(Source records)
((

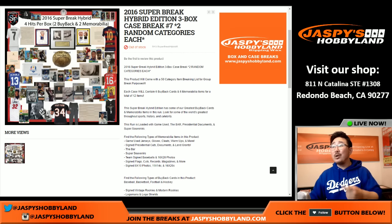Hi everyone, Joe from Jaspies Hobbyland here. We're doing another full case of 2016 Super Break Hybrid Edition. This is break number seven from jaspieshobbyland.com. The next break, break number eight, is in the store right now, so be sure to get that going. That's our final one.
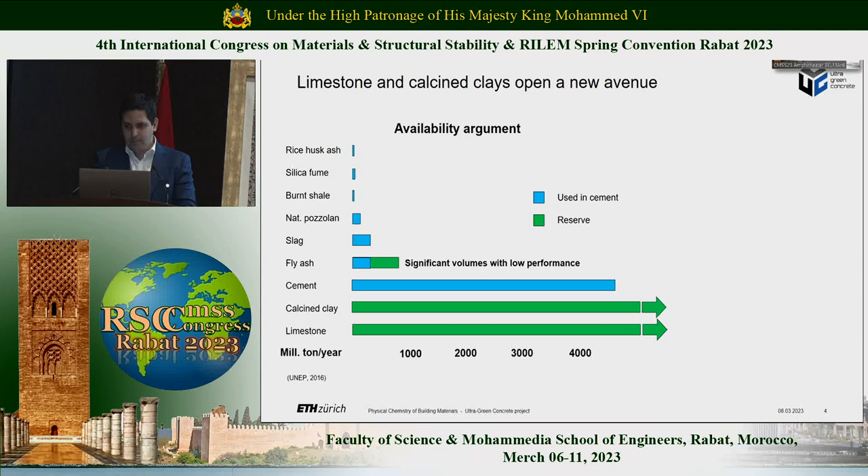The first argument for going with limestone and calcined clays is definitely an availability one. We haven't been able to increase our replacement level of clinker by supplementary cementitious materials because we don't have enough stuff. If you compare the demand of cement today with the availability of other materials, you can see that there is no way to replace, say, 50%. It's only calcined clays and limestone — these two materials — that can really change the situation because they're available in quantity, and more importantly, in the places where we need cement and concrete production, which is in the emerging economies.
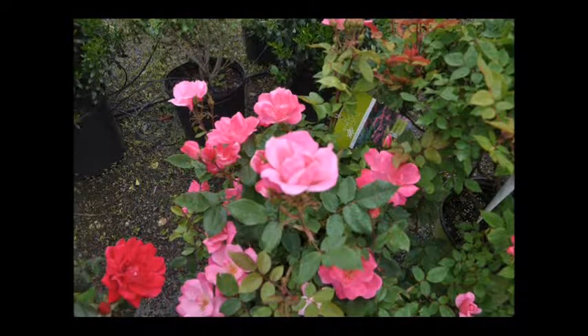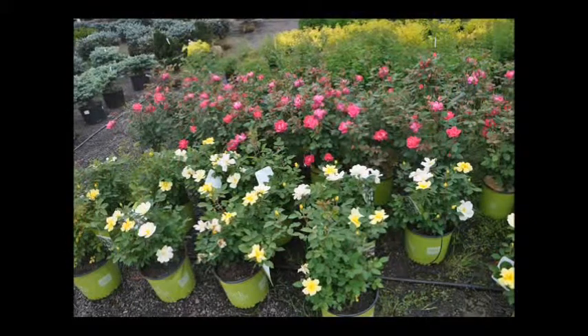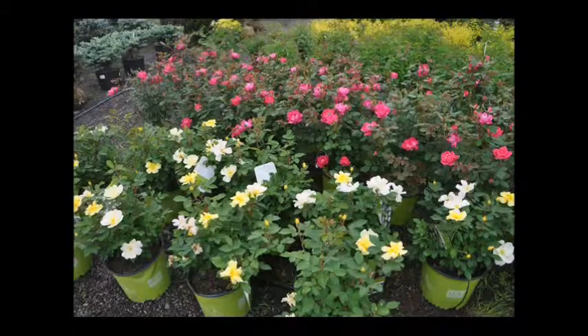You do not need a lot of maintenance on these. They are disease resistant, so you don't have to worry about the black funguses that grow on the leaves of roses. And if you don't wish to prune at all, you can let these go and they'll happily bloom and grow to their heart's content.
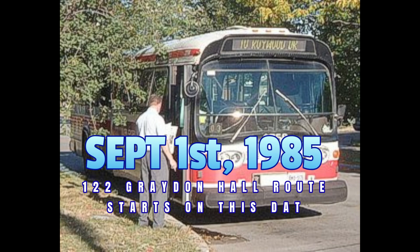On September 1st, 1985, service begins on the 122 Graydon Hall bus route, operating from York Mills Station via east on York Mills, north on Les Mill, east on Duncan Mill, east on Graydon Hall, to an off-street loop on the east side of Fenelon Drive.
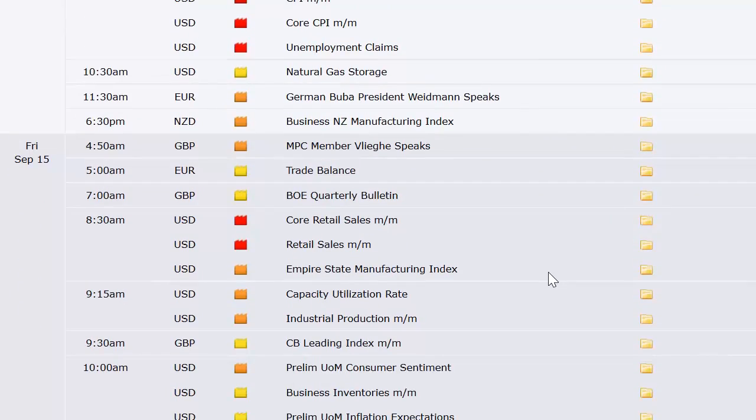Friday brings trade balance out of Europe, a quarterly bulletin out of the UK, and US retail sales plus the Empire State Manufacturing Index at 8:30 a.m. Eastern. Capacity utilization and industrial production at 9:15. CB leading index out of the UK at 9:30. Preliminary University of Michigan sentiment and business inventories at 10 a.m. Eastern. The CPI is the big one, but the hurricane and triple expiration will likely be the biggest market impacts next week.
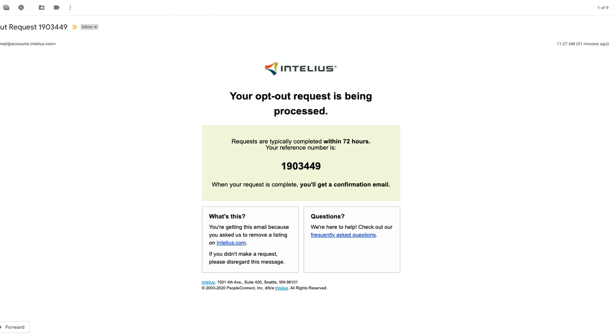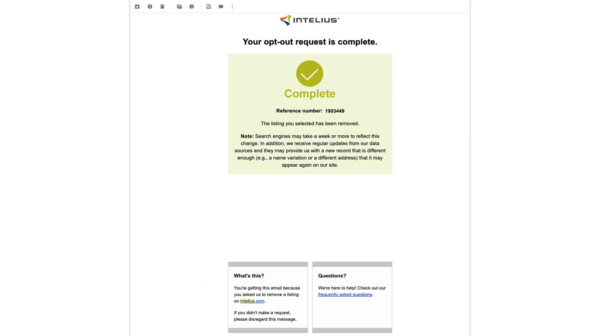After 72 hours, you will get an email stating that your opt-out request has been completed and your listing has been removed.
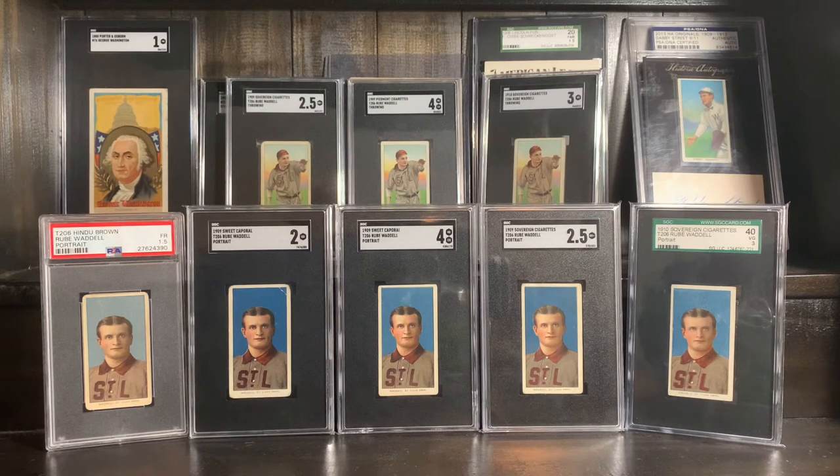You will not regret watching a few YouTube videos or reading some about Rube Waddell. He's got two poses in the T206 set — obviously a portrait and then a throwing. I like to get copies of each, so I've got one throwing and one portrait to show off today, plus an oddball. We'll start with the oddball first.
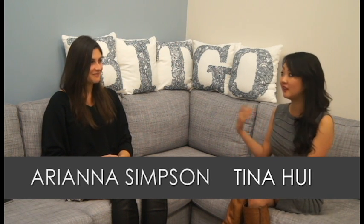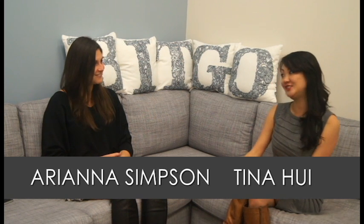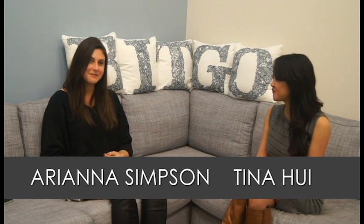Hi guys! I'm Tina Vlahi from FileaCoin and we're here at BitGo headquarters in Palo Alto. This is Ariana Simpson. I'm Ariana Simpson as Tina mentioned, and this is BitGo.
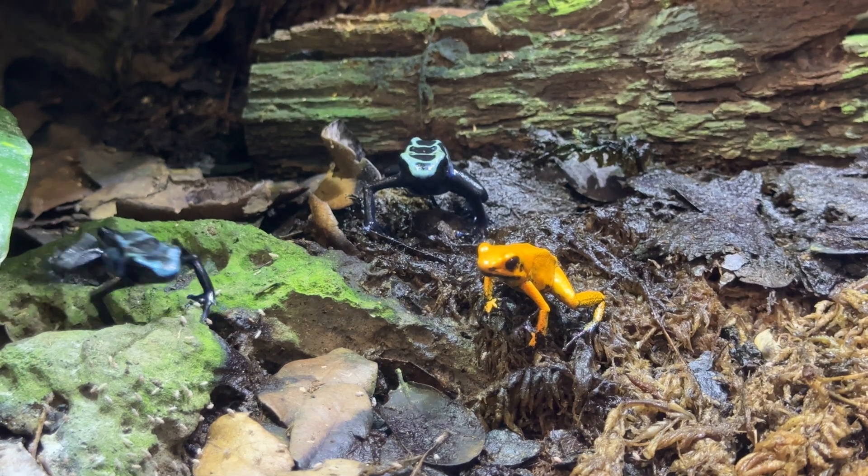The big question remains: can we really keep them as pets? The answer is yes — they're not as difficult as folks claim them to be.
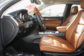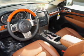Leather seats. Power door locks. Power windows. Cruise control. Bluetooth wireless. A DVD system. An AM FM stereo with a CD player.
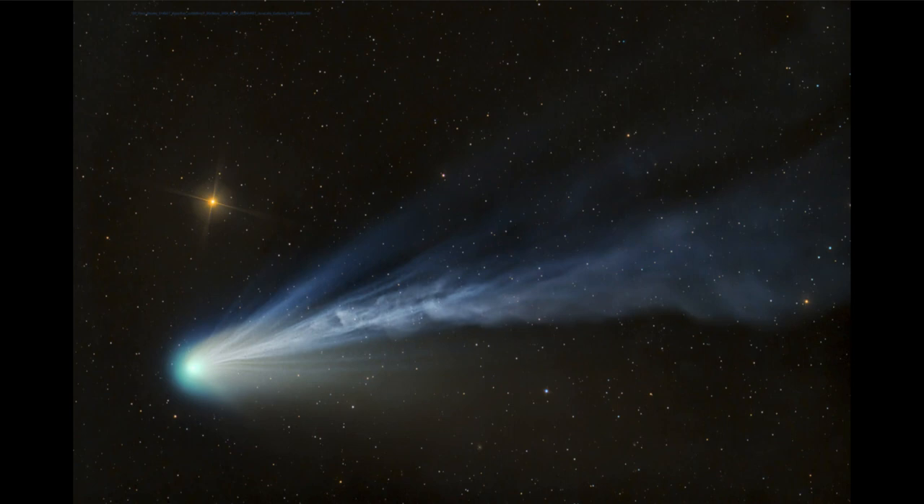The tail of a comet always points opposite to the direction of the sun in the sky. So even if the sun is below the horizon, as it would be in this image — since we can see plenty of stars here — the tail of the comet tells us in what general direction the sun would be.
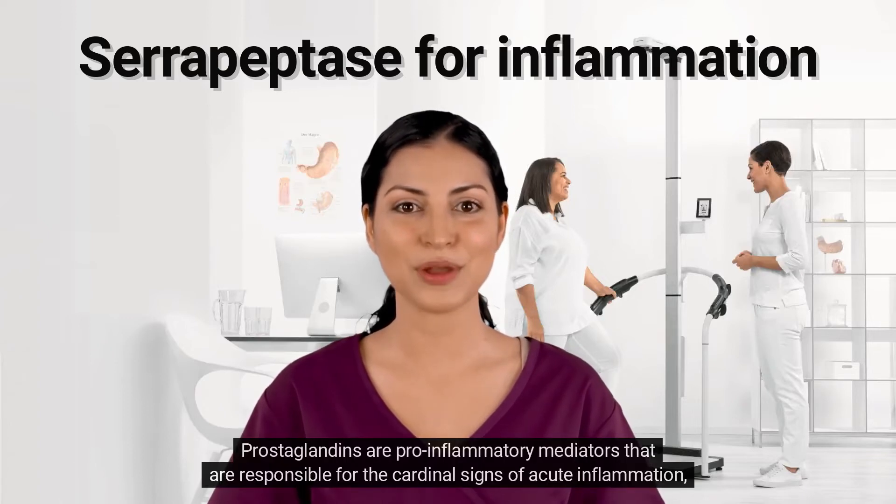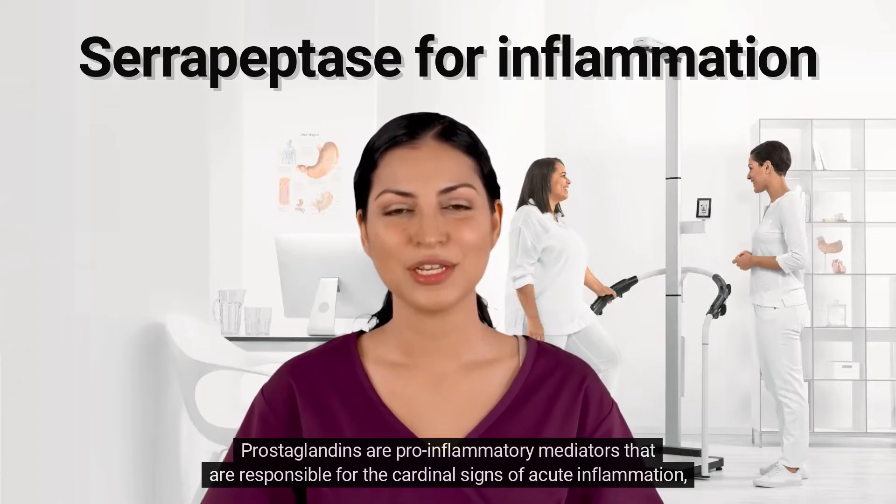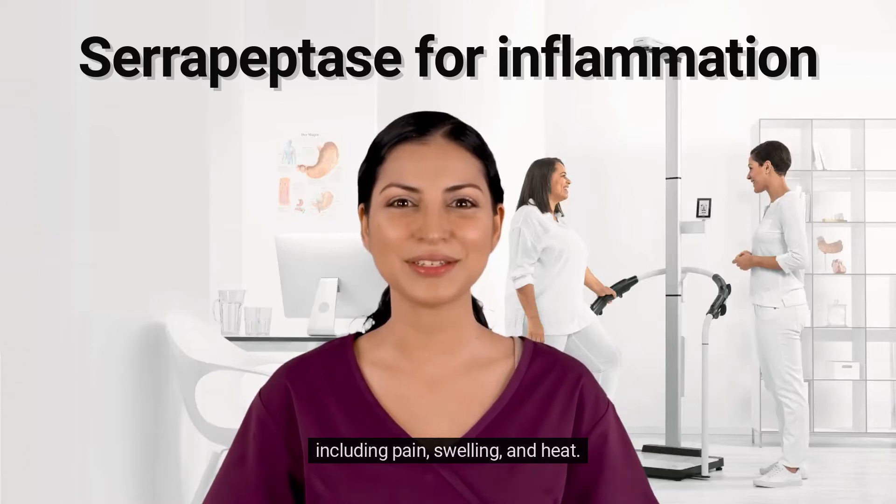Prostaglandins are pro-inflammatory mediators that are responsible for the cardinal signs of acute inflammation, including pain, swelling, and heat.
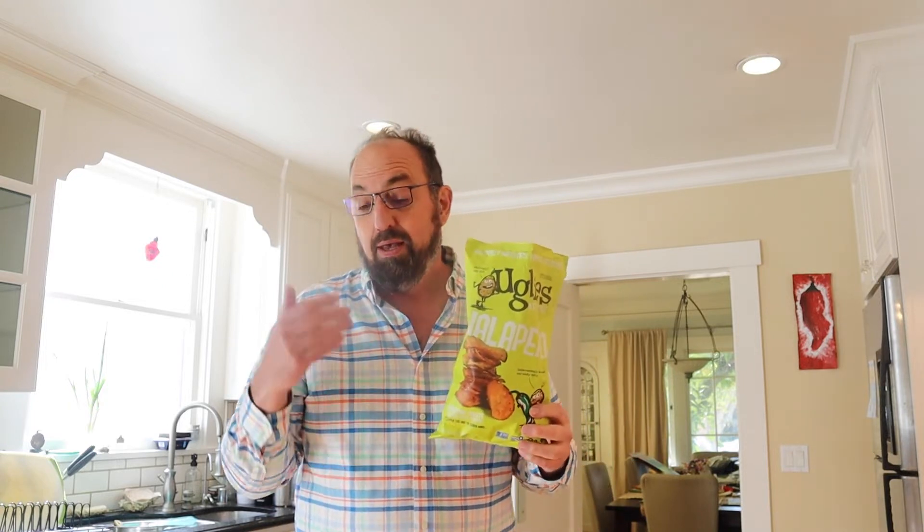This week we did Ugly's Jalapeño Flavored Potato Chips. They're called Ugly's because they're supposedly not good enough for the regular line of potato chips from Different Box. Good jalapeño flavor, slow build on the heat, but definitely tasty.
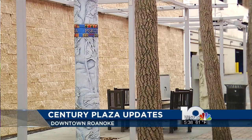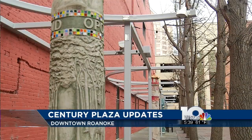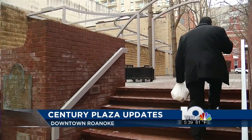The Parks and Rec Department removed Wisteria plants and completed electrical upgrades. Meanwhile, Downtown Roanoke Incorporated added string lighting across the plaza.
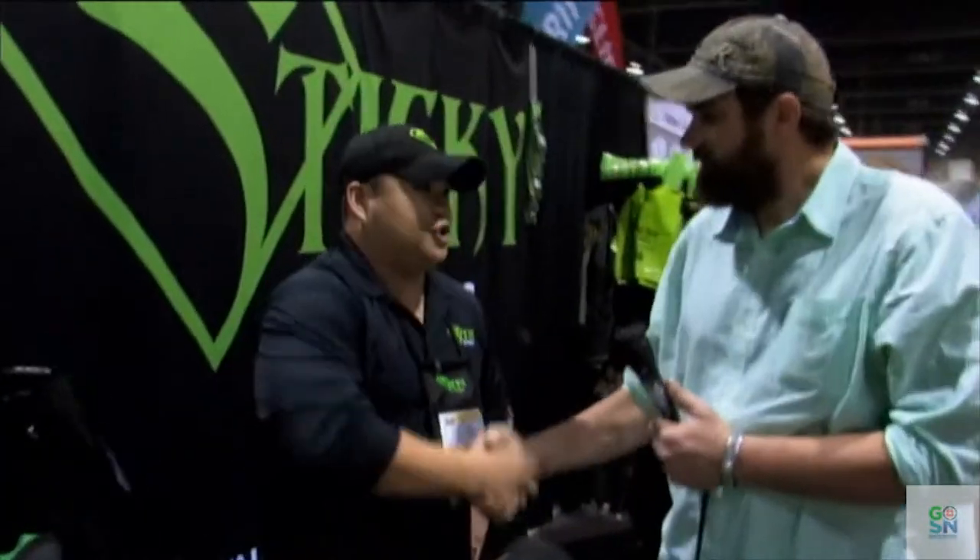Thank you for your time. And remember folks, regardless of what you're doing in the outdoors, do it safe and do it proud. Until next time, this is Jesse on GSM.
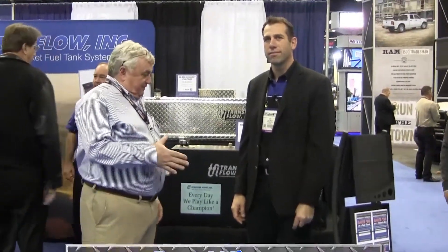Joe here with Ben Winter at TransferFlow. Appreciate you taking a few minutes to talk about what's going on at the show for TransferFlow this year.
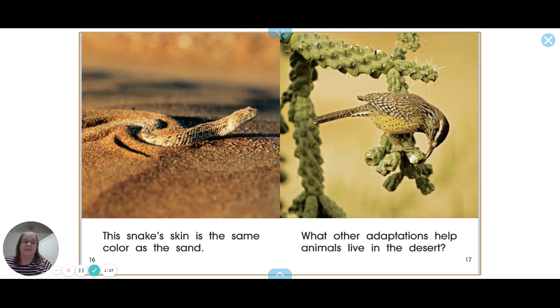This snake's skin is the same color as the sand. What other adaptations help animals live in the desert?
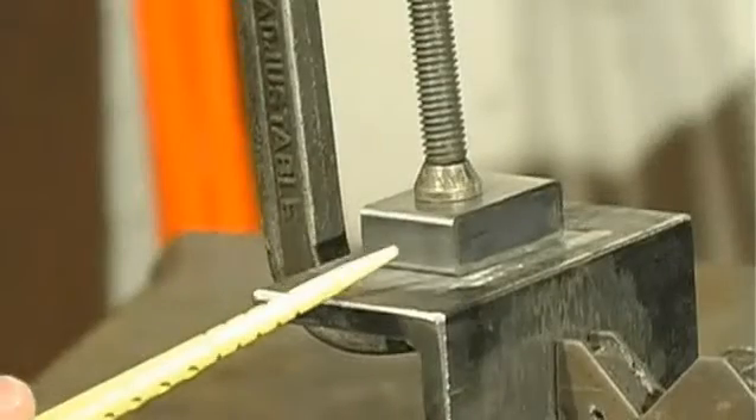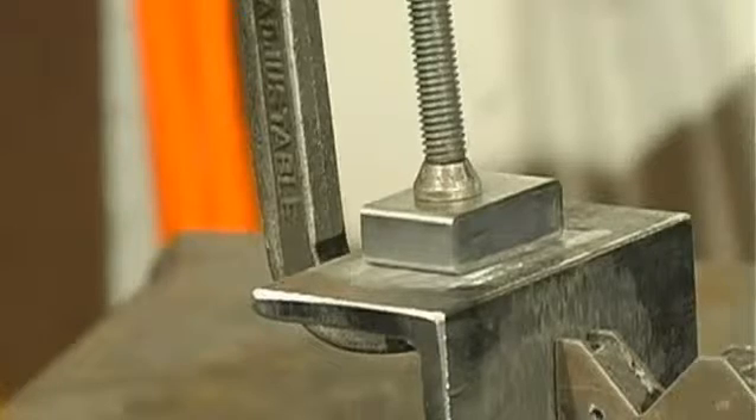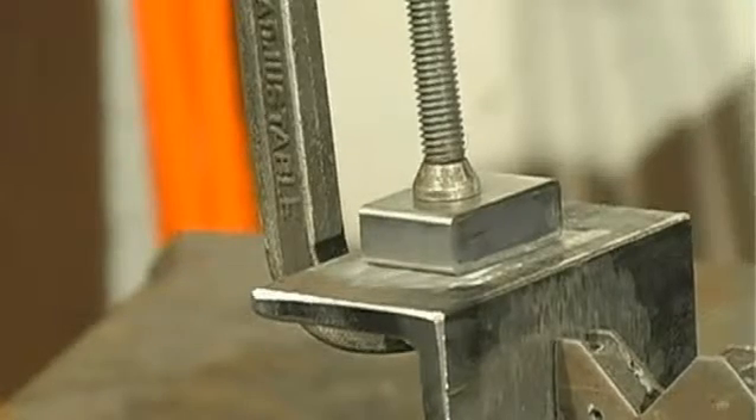Here's the RFID tag mounted on the fixture where we'll be welding it. First we'll read the tag, then we'll weld it, then we'll read it again to make sure it survived the temperature.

))

● WORK TASK
Reproduce the data word for word without its images.

● ANSWER SECTION
Hi everyone, Joe from Jaspies Hobbyland here. We're doing another full case of 2016 Super Break Hybrid Edition. This is break number seven from jaspieshobbyland.com. The next break, break number eight, is in the store right now, so be sure to get that going. That's our final one.
The first argument for going with limestone and calcined clays is definitely an availability one. We haven't been able to increase our replacement level of clinker by supplementary cementitious materials because we don't have enough stuff. If you compare the demand of cement today with the availability of other materials, you can see that there is no way to replace, say, 50%. It's only calcined clays and limestone — these two materials — that can really change the situation because they're available in quantity, and more importantly, in the places where we need cement and concrete production, which is in the emerging economies.
You do not need a lot of maintenance on these. They are disease resistant, so you don't have to worry about the black funguses that grow on the leaves of roses. And if you don't wish to prune at all, you can let these go and they'll happily bloom and grow to their heart's content.
On September 1st, 1985, service begins on the 122 Graydon Hall bus route, operating from York Mills Station via east on York Mills, north on Les Mill, east on Duncan Mill, east on Graydon Hall, to an off-street loop on the east side of Fenelon Drive.
Friday brings trade balance out of Europe, a quarterly bulletin out of the UK, and US retail sales plus the Empire State Manufacturing Index at 8:30 a.m. Eastern. Capacity utilization and industrial production at 9:15. CB leading index out of the UK at 9:30. Preliminary University of Michigan sentiment and business inventories at 10 a.m. Eastern. The CPI is the big one, but the hurricane and triple expiration will likely be the biggest market impacts next week.
After 72 hours, you will get an email stating that your opt-out request has been completed and your listing has been removed.
You will not regret watching a few YouTube videos or reading some about Rube Waddell. He's got two poses in the T206 set — obviously a portrait and then a throwing. I like to get copies of each, so I've got one throwing and one portrait to show off today, plus an oddball. We'll start with the oddball first.
Hi guys! I'm Tina Vlahi from FileaCoin and we're here at BitGo headquarters in Palo Alto. This is Ariana Simpson. I'm Ariana Simpson as Tina mentioned, and this is BitGo.
The big question remains: can we really keep them as pets? The answer is yes — they're not as difficult as folks claim them to be.
Leather seats. Power door locks. Power windows. Cruise control. Bluetooth wireless. A DVD system. An AM FM stereo with a CD player.
The tail of a comet always points opposite to the direction of the sun in the sky. So even if the sun is below the horizon, as it would be in this image — since we can see plenty of stars here — the tail of the comet tells us in what general direction the sun would be.
Prostaglandins are pro-inflammatory mediators that are responsible for the cardinal signs of acute inflammation, including pain, swelling, and heat.
This week we did Ugly's Jalapeño Flavored Potato Chips. They're called Ugly's because they're supposedly not good enough for the regular line of potato chips from Different Box. Good jalapeño flavor, slow build on the heat, but definitely tasty.
The Parks and Rec Department removed Wisteria plants and completed electrical upgrades. Meanwhile, Downtown Roanoke Incorporated added string lighting across the plaza.
Thank you for your time. And remember folks, regardless of what you're doing in the outdoors, do it safe and do it proud. Until next time, this is Jesse on GSM.
Joe here with Ben Winter at TransferFlow. Appreciate you taking a few minutes to talk about what's going on at the show for TransferFlow this year.
This snake's skin is the same color as the sand. What other adaptations help animals live in the desert?
Here's the RFID tag mounted on the fixture where we'll be welding it. First we'll read the tag, then we'll weld it, then we'll read it again to make sure it survived the temperature.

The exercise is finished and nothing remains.